The recursive zk-SNARK program uses the previous state, a proof belonging to the previous state, and a new transaction as inputs. It verifies the previous state (using the provided proof) and checks if the transaction in the new state is valid. If the answer is yes, it will output the new status and a proof.

Once the new state and proof are distributed to the network, all nodes can discard the previous state without any negative impact. New nodes need only download the latest status and proof. This is why Coda is able to have a fixed-size blockchain.

In our previous example, only one node would create a new block and proof. Obviously, the same node does not necessarily need to produce every block. For example, one node can be randomly selected from many nodes (using verifiable random functions, nodes can even choose themselves randomly without cheating). We can do better. We can divide the block output logic into multiple zk-SNARKs.

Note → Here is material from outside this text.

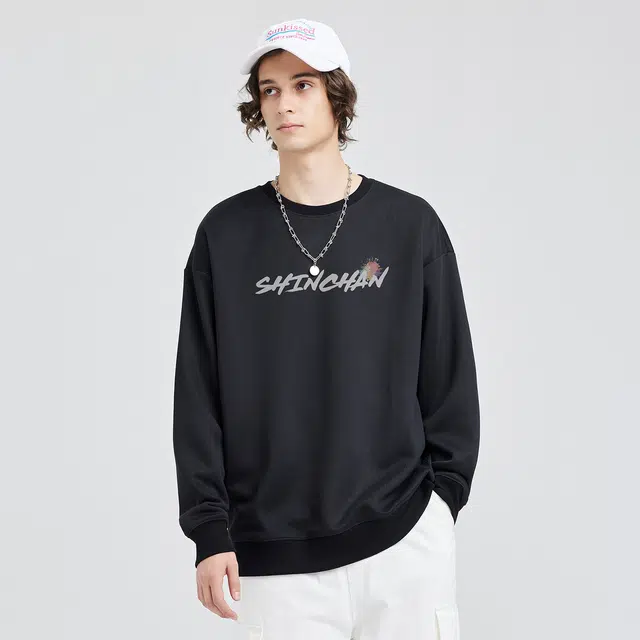 蜡笔小新 小新彩色泼墨字母印花休闲宽松套头圆领卫衣 男女同款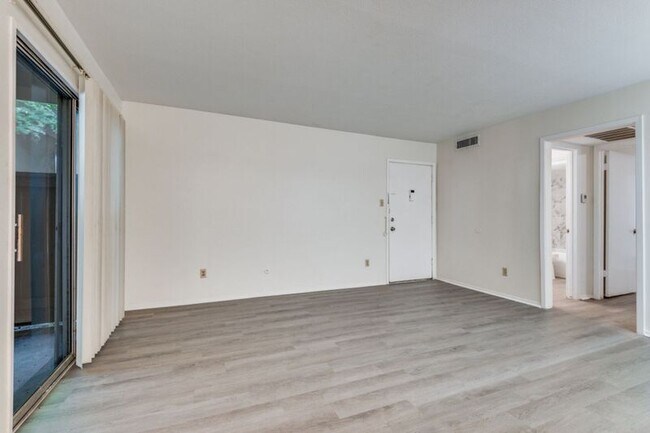 Foto del edificio - 12816 Midway Rd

The end result is that the block producer does not need to keep the complete blockchain history, it only needs the previous state. How small is the occupied capacity? An ordinary Coda node only needs 22 KB to store the certificate, current state and Merkle path. As long as 22 KB, nodes can verify the entire blockchain, query balances, and create transactions. But to generate a block, there are more requirements on the node: it needs the full balance Merkle tree of the previous state. The size of the Merkle tree depends on the number of wallets. If Coda has as many wallets as Ethereum, then Coda block producers need about 1 GB. The smallest full node capacity on Ethereum is (as of December 2019) 230 GB. A huge difference.

In this way, the network has more active nodes, which enhances decentralization and opens up many new possibilities for programs that interact with the blockchain without the need for a solution like Infura or Metamask. Considering that 99% of new users lose their patience before installing Metamask, this could have a huge impact.